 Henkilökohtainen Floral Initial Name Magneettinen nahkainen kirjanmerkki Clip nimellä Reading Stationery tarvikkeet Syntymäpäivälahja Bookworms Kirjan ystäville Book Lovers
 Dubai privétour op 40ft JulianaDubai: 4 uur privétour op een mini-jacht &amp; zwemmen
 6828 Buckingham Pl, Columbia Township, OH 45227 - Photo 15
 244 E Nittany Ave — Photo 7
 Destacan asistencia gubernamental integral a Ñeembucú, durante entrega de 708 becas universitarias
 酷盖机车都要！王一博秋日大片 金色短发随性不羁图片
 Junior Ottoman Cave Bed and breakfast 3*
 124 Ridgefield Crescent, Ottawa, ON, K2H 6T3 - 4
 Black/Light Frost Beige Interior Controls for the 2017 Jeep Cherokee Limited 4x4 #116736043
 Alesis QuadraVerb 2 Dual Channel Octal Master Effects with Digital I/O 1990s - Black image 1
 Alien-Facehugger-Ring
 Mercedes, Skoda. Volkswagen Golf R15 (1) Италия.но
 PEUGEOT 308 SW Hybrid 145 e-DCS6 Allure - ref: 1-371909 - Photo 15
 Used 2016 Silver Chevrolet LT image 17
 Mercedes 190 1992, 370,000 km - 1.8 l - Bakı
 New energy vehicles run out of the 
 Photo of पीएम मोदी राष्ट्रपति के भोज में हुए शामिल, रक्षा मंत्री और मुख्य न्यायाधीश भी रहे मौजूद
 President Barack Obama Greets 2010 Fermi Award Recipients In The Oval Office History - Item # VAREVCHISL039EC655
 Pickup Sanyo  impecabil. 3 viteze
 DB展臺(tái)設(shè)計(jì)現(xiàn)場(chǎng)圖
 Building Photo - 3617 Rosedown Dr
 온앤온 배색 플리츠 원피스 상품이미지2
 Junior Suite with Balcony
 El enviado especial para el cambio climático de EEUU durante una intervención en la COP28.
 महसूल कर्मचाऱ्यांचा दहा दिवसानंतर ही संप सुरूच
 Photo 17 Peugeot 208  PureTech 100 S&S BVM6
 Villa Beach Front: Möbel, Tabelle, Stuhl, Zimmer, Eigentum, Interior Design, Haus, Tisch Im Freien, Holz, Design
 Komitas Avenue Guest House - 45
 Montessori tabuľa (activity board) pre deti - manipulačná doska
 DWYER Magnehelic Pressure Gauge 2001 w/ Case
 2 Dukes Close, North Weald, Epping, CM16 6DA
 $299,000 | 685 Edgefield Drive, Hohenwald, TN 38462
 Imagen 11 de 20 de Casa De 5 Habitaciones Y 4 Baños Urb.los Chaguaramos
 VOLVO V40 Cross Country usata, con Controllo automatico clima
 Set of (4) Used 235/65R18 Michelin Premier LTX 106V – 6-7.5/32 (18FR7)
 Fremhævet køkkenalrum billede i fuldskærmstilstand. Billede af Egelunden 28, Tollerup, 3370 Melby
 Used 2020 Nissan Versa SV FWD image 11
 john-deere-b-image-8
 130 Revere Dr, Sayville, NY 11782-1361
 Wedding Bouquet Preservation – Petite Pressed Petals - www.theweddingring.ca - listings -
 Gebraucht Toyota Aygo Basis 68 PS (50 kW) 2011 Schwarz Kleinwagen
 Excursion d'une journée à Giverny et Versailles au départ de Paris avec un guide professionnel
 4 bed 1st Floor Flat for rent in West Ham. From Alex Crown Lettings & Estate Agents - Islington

WHAT TO PRODUCE
The answer must be the full listing, copied exactly.

ANSWER BOX
 Henkilökohtainen Floral Initial Name Magneettinen nahkainen kirjanmerkki Clip nimellä Reading Stationery tarvikkeet Syntymäpäivälahja Bookworms Kirjan ystäville Book Lovers
 Dubai privétour op 40ft JulianaDubai: 4 uur privétour op een mini-jacht &amp; zwemmen
 6828 Buckingham Pl, Columbia Township, OH 45227 - Photo 15
 244 E Nittany Ave — Photo 7
 Destacan asistencia gubernamental integral a Ñeembucú, durante entrega de 708 becas universitarias
 酷盖机车都要！王一博秋日大片 金色短发随性不羁图片
 Junior Ottoman Cave Bed and breakfast 3*
 124 Ridgefield Crescent, Ottawa, ON, K2H 6T3 - 4
 Black/Light Frost Beige Interior Controls for the 2017 Jeep Cherokee Limited 4x4 #116736043
 Alesis QuadraVerb 2 Dual Channel Octal Master Effects with Digital I/O 1990s - Black image 1
 Alien-Facehugger-Ring
 Mercedes, Skoda. Volkswagen Golf R15 (1) Италия.но
 PEUGEOT 308 SW Hybrid 145 e-DCS6 Allure - ref: 1-371909 - Photo 15
 Used 2016 Silver Chevrolet LT image 17
 Mercedes 190 1992, 370,000 km - 1.8 l - Bakı
 New energy vehicles run out of the 
 Photo of पीएम मोदी राष्ट्रपति के भोज में हुए शामिल, रक्षा मंत्री और मुख्य न्यायाधीश भी रहे मौजूद
 President Barack Obama Greets 2010 Fermi Award Recipients In The Oval Office History - Item # VAREVCHISL039EC655
 Pickup Sanyo  impecabil. 3 viteze
 DB展臺(tái)設(shè)計(jì)現(xiàn)場(chǎng)圖
 Building Photo - 3617 Rosedown Dr
 온앤온 배색 플리츠 원피스 상품이미지2
 Junior Suite with Balcony
 El enviado especial para el cambio climático de EEUU durante una intervención en la COP28.
 महसूल कर्मचाऱ्यांचा दहा दिवसानंतर ही संप सुरूच
 Photo 17 Peugeot 208  PureTech 100 S&S BVM6
 Villa Beach Front: Möbel, Tabelle, Stuhl, Zimmer, Eigentum, Interior Design, Haus, Tisch Im Freien, Holz, Design
 Komitas Avenue Guest House - 45
 Montessori tabuľa (activity board) pre deti - manipulačná doska
 DWYER Magnehelic Pressure Gauge 2001 w/ Case
 2 Dukes Close, North Weald, Epping, CM16 6DA
 $299,000 | 685 Edgefield Drive, Hohenwald, TN 38462
 Imagen 11 de 20 de Casa De 5 Habitaciones Y 4 Baños Urb.los Chaguaramos
 VOLVO V40 Cross Country usata, con Controllo automatico clima
 Set of (4) Used 235/65R18 Michelin Premier LTX 106V – 6-7.5/32 (18FR7)
 Fremhævet køkkenalrum billede i fuldskærmstilstand. Billede af Egelunden 28, Tollerup, 3370 Melby
 Used 2020 Nissan Versa SV FWD image 11
 john-deere-b-image-8
 130 Revere Dr, Sayville, NY 11782-1361
 Wedding Bouquet Preservation – Petite Pressed Petals - www.theweddingring.ca - listings -
 Gebraucht Toyota Aygo Basis 68 PS (50 kW) 2011 Schwarz Kleinwagen
 Excursion d'une journée à Giverny et Versailles au départ de Paris avec un guide professionnel
 4 bed 1st Floor Flat for rent in West Ham. From Alex Crown Lettings & Estate Agents - Islington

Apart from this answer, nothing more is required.